Recently, several studies (see for example, Humphrey & Lee, 2011; Lee, Humphrey, Benson, & Ahn, 2010; Renneboog, Ter Horst, & Zhang, 2008b; Renneboog, Ter Horst, & Zhang, 2011) have proposed not to compare the performance of SRI funds with those of conventional funds, but to consider the relative performance between SRI funds. By doing this, they provide an in-depth analysis of the relationship between the selection process of SRI funds and their financial performances. The findings of these studies show there is a relationship between the screening intensity and SRI financial performance. In general, depending on parameters such as product category, time period, geographical market, benchmark and performance measure, studies may conclude different results about SRI. In addition, SRI is not a standard concept (Sandberg, Juravle, Hedesström, & Hamilton, 2009).

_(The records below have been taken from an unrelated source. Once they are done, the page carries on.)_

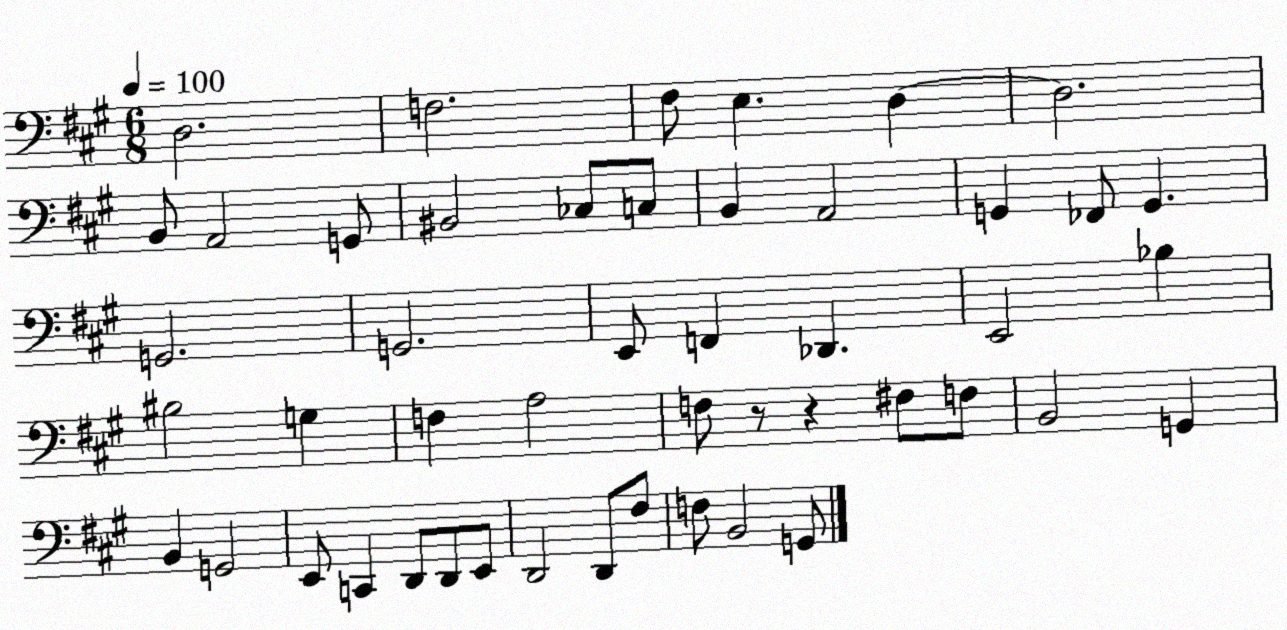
X:1
T:Untitled
M:6/8
L:1/4
K:A
D,2 F,2 ^F,/2 E, D, D,2 B,,/2 A,,2 G,,/2 ^B,,2 _C,/2 C,/2 B,, A,,2 G,, _F,,/2 G,, G,,2 G,,2 E,,/2 F,, _D,, E,,2 _B, ^B,2 G, F, A,2 F,/2 z/2 z ^F,/2 F,/2 B,,2 G,, B,, G,,2 E,,/2 C,, D,,/2 D,,/2 E,,/2 D,,2 D,,/2 ^F,/2 F,/2 B,,2 G,,/2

Quantitative modelisation of the goals of a SR investor is complicated and nowadays it is an open problem. In this sense, Hallerbach, Ning, Soppe, and Spronk (2004) have considered the difficulty of measuring the degree of SR of individual investments, given that a welfare function which includes all social aspects is not available. On the other hand, the UK Social Investment Forum website (UKSIF) indicates that though the majority of people agree with what are the ethical issues, each individual must decide if a specific investment meets her criteria: “different people have different views as to what is acceptable and how important a set issue is for them”. However, the UKSIF identifies what characterizes good SRI: “What they have in common is that they clearly state views on SEE issues. The key is to deliver and use information on the investments in such a way that those who invest may decide whether such investments are suitable for their clients and their pension funds” (UK Social Investment Forum, http://www.uksif.org/). Therefore, the design of SR portfolios requires information about the compliance with SR criteria by companies and investment fund management. Also, it is necessary information about individual or collective perception as to what is ethical or profitable for the Society (Cabello, Ruiz, Pérez-Gladish, & Méndez-Rodríguez, 2014). Both inputs have imprecision and so our proposal is to construct an objective that measures the SR Quality of a portfolio based on linguistic labels and a quantitative treatment using fuzzy aggregation operators.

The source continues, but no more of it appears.